At 3 mo, no statistically significant association was found between the time of the first or second vaccination and anti-EBOV GP1,2 IgG antibody levels (Table E and Figs L to P in S2 Text).
Discussion
Using data from the large PREVAC randomized trial, which assessed EVD vaccination strategies in Western Africa, this study identified an association between the time in the day of first vaccination and the anti-EBOV GP1,2 IgG antibody levels at 12 mo, based on pooled data from the three vaccine arms. In contrast, no significant association was found for the time of second vaccination. Secondary analyses at 28 d and 3 mo revealed the absence of significant associations, except in the Ad26-MVA arm at 28 d. Overall, the findings suggest a potential influence from the circadian rhythm, with slightly stronger antibody responses estimated when vaccination occurred in the morning compared to the afternoon. However, the role of the circadian rhythm seems modest and likely to have minimal effect on antibody levels.
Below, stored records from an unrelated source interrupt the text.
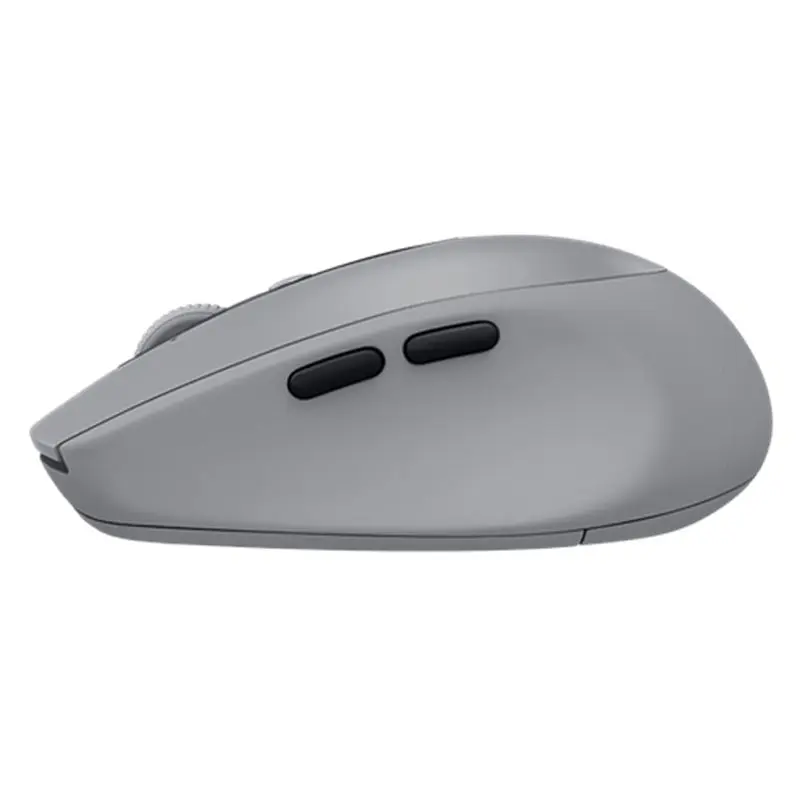 Logitech M585 Myši Bluetooth Bezdrátové Počítačové Myši M590 Tichý a PRŮTOK BT Mini Mute myš s Sjednocující Přijímač 0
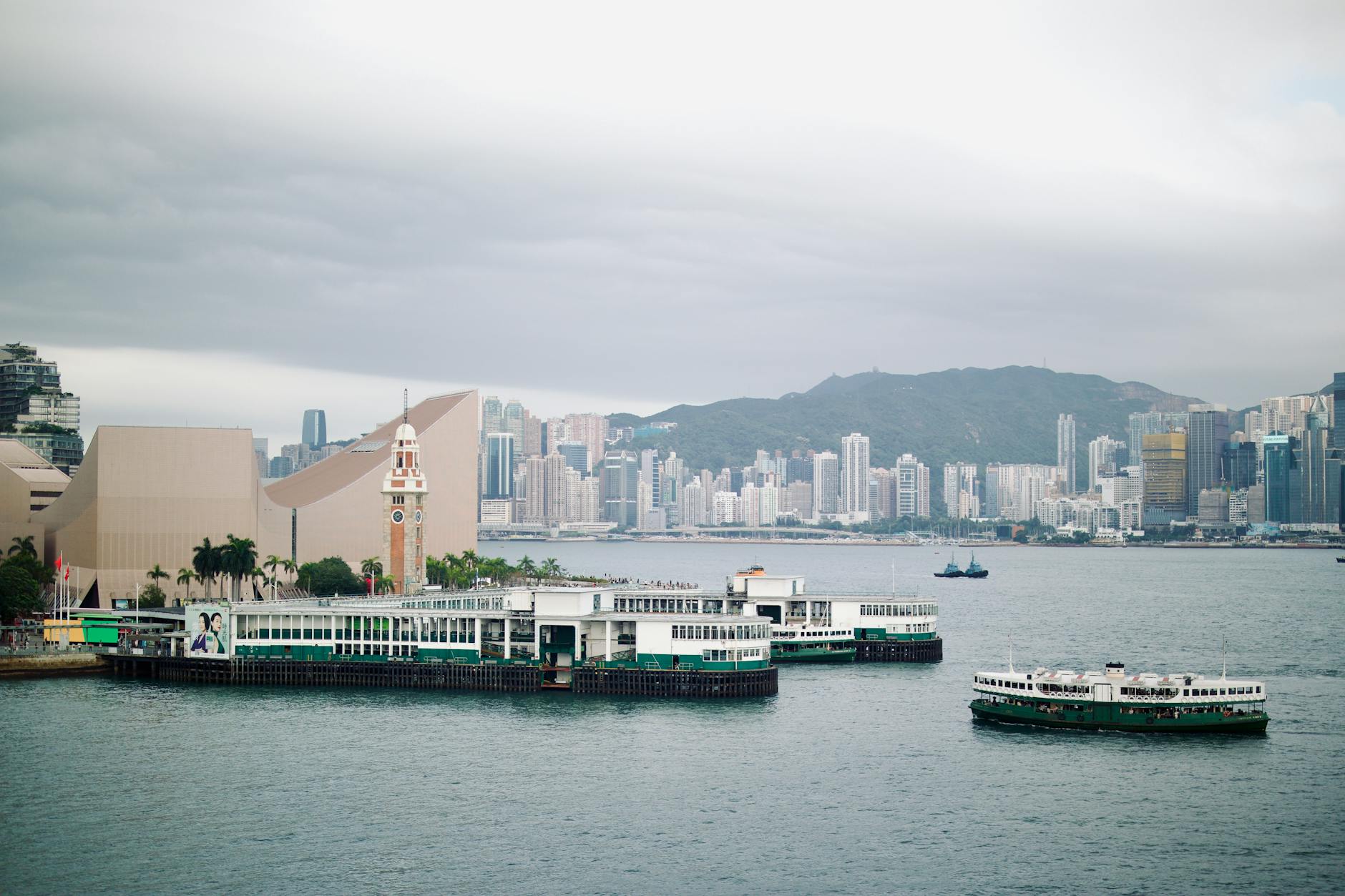Tsim Sha Tsui hotel and solo traveler planning context.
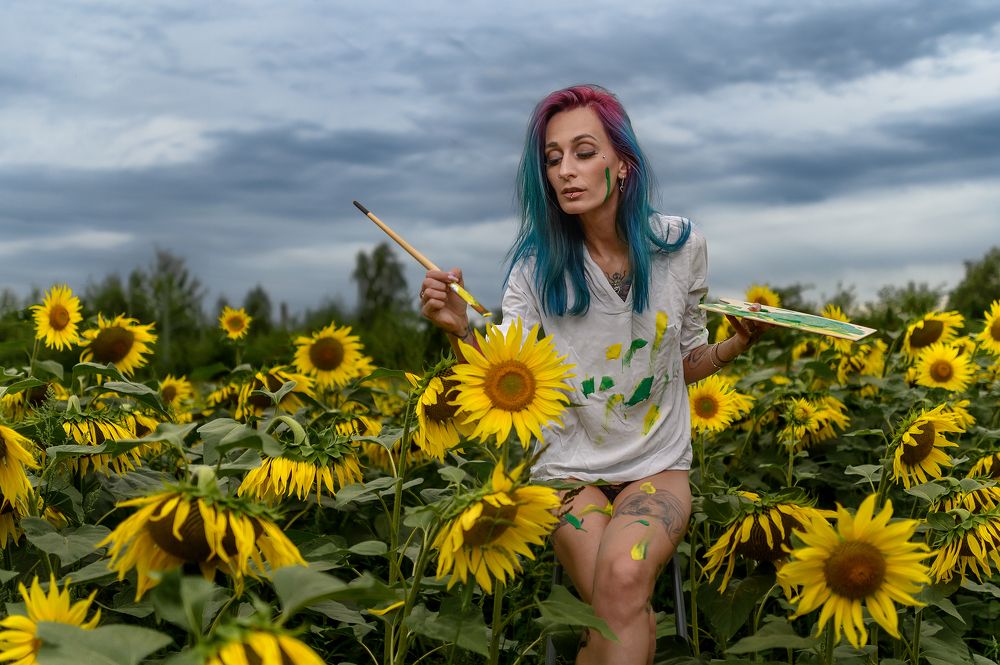 Фотография автора DanPav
To our knowledge, this study is the first to investigate this association between the time of vaccination and the immune response in the context of EVD vaccines. To date, only a limited number of epidemiological studies have explored this relationship across different vaccines and pathogens. Several studies on vaccines against influenza, tuberculosis, and coronavirus disease 2019 reported stronger serological responses when administered in the morning compared to those given in the afternoon or evening, aligning with the trends observed in our results [20–25]. The underlying mechanisms for this phenomenon likely stem from the immune system’s dependence on time of day, exhibiting 24-h rhythmicity both at rest and during activation. While the circadian rhythmicity of the adaptive immune system has been less extensively studied than that of the innate immune system, several key mechanisms have been identified. Among other factors, these include the trafficking of B and T lymphocytes, the regulation of T-cell activation and proliferation, and the influence of clock genes on gene expression [39]. Notably, the circadian clock of CD8+ T cells plays a role in regulating the vaccine response. It shapes the gene expression program of these cells, making them more receptive to enhanced activation and proliferation, depending on the time of day [40,41]. Additionally, another underlying hypothesis suggests that low exposure to ambient light, via the retinohypothalamic projections to the suprachiasmatic nucleus in the brain, leads to a reduced amplitude of rest–activity cycles and possibly other circadian rhythms, which may, in turn, result in lower production of specific antibodies [42].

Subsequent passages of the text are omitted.